## WHAT YOU SHOULD DO
Each line from the one containing "Silver on Copper Centerpiece Bowl" to the end of the listing below should be output exactly; no other line is wanted.

DATA LISTING below:

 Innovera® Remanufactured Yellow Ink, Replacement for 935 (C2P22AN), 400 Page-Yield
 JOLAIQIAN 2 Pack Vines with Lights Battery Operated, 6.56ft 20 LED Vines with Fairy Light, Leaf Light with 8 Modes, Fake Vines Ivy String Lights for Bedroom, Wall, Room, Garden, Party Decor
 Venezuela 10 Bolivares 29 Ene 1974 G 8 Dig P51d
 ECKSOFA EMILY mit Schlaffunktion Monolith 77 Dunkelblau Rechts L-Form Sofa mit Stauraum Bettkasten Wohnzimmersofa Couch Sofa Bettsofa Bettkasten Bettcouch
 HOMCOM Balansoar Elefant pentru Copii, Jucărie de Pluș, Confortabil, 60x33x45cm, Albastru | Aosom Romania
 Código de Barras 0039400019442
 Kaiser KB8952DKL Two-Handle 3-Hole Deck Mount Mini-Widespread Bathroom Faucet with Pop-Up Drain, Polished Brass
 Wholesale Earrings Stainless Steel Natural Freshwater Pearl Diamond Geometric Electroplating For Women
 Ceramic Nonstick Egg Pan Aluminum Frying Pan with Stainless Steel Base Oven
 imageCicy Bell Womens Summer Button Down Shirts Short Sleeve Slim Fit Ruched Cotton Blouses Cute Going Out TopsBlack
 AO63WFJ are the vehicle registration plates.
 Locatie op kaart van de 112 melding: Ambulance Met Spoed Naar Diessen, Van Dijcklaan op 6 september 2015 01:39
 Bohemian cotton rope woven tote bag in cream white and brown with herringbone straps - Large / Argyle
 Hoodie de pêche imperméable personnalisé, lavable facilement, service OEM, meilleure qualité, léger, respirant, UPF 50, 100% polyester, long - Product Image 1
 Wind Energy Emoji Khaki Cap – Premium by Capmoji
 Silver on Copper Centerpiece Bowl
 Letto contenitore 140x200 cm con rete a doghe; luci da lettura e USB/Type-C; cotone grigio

End of DATA LISTING.

## ANSWER TO THIS PROBLEM
 Silver on Copper Centerpiece Bowl
 Letto contenitore 140x200 cm con rete a doghe; luci da lettura e USB/Type-C; cotone grigio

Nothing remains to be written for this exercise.